There is nothing, there can be nothing, therefore, in the natural world which does not represent something in the spiritual world, or which has not there something with which it corresponds. The natural world, its activities and phenomena, are the language of God; the tones or utterances of infinitude adapted to the comprehension of mortal man, and when we read in the Word of the deluge, of the ark, of mountains and rivers, of lambs, wolves, wars, honey, frankincense, myrrh, or of any other natural objects or phenomena, we are reading vital truths, disguised in a language suited to every possible stage of spiritual enlightenment. This visible world is in fact, the thought of God expressed in a language adapted to the intelligence and edification of all its inhabitants, in every possible stage of spiritual development.

"All nature, and each individual thing in nature," says Swedenborg, "has its spiritual correspondence; and, in like manner, each and all things in the human body. But hitherto it has been unknown what correspondence is. Yet it was very well known in the most ancient times; for to those who then lived the knowledge of correspondence was the knowledge of knowledges, and was so universal that all their books and manuscripts were written by correspondence. The Book of Job, which is a book of the Ancient Church, is full of correspondences. The hieroglyphics of the Egyptians, and the fabulous stories of highest antiquity, were nothing else. Also, the tabernacle with all things therein as well as their feasts, such as the feast of unleavened bread, the feast of tabernacles, the feast of first-fruits; and the priesthood of Aaron and the Levites, and their garments of holiness; and besides these, all their statutes and judgments, which related to their worship and life, were correspondences. Now, since Divine things present themselves in the world by correspondences, therefore the Word was written by pure correspondences. For the same reason the Lord, as He spake from the Divine spake by correspondences; for whatever is from the Divine descends into such things in nature as correspond to the Divine, and which then conceal things Divine, which are called celestial and spiritual, in their bosom."

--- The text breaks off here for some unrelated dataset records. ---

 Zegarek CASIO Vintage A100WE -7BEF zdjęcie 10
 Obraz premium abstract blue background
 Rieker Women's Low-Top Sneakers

"Without the spiritual sense," says he in another place, "no one could know why the prophet Jeremiah was commanded to buy himself a girdle and put it on his loins, and not to draw it through the waters, but to hide it in the hole of a rock by the Euphrates (Jer, l3:1-7), or why the prophet Isaiah was commanded to loose the sackcloth from off his loins and put off the shoe from off his foot, and to go naked and barefoot three years (Isaiah 20:2, 3); or why the prophet Ezekiel was commanded to pass a razor upon his head and upon his beard, and afterwards to divide them [the hairs] and burn a third part in the midst of the city, smite a third part with the sword, scatter a third part in the wind, and bind a little of them in his skirts, and at last to cast them into the midst of the fire (Ezek. 5:1-4) or why the same prophet was commanded to lie upon his left side three hundred and ninety days, and upon his right side forty days, and to make himself a cake of wheat, and barley, and millet, and spelt, with the dung of an ox, and eat it; and in the meantime to raise a rampart and a mound against Jerusalem, and besiege it (Ezek. 4:1-15). Or why the prophet Hosea was twice commanded to take to himself a harlot to wife (Hos. 1: 2; 3: 1); and many such things. Moreover, without the spiritual sense who would know what is signified by all the things pertaining to the Tabernacle, such as the ark, the mercy-seat, cherubim, lampstand, altar of incense, the bread of faces on the table, and its veils and curtains? Or who, without the spiritual sense would know what is signified by Aaron's garments of holiness - by his coat, cloak, ephod, the Urim and Thummim, miter, and other things? Who without the spiritual sense would know what is signified by all the things enjoined concerning the burnt- offerings, sacrifices, meat-offerings, and drink-offerings, and also concerning the Sabbaths and feasts? The truth is that not the least thing of these was commanded concerning them that did not signify something of the Lord, to heaven, and to the church. From these few examples it may be clearly seen that there is a spiritual sense in each and all particulars of the Word."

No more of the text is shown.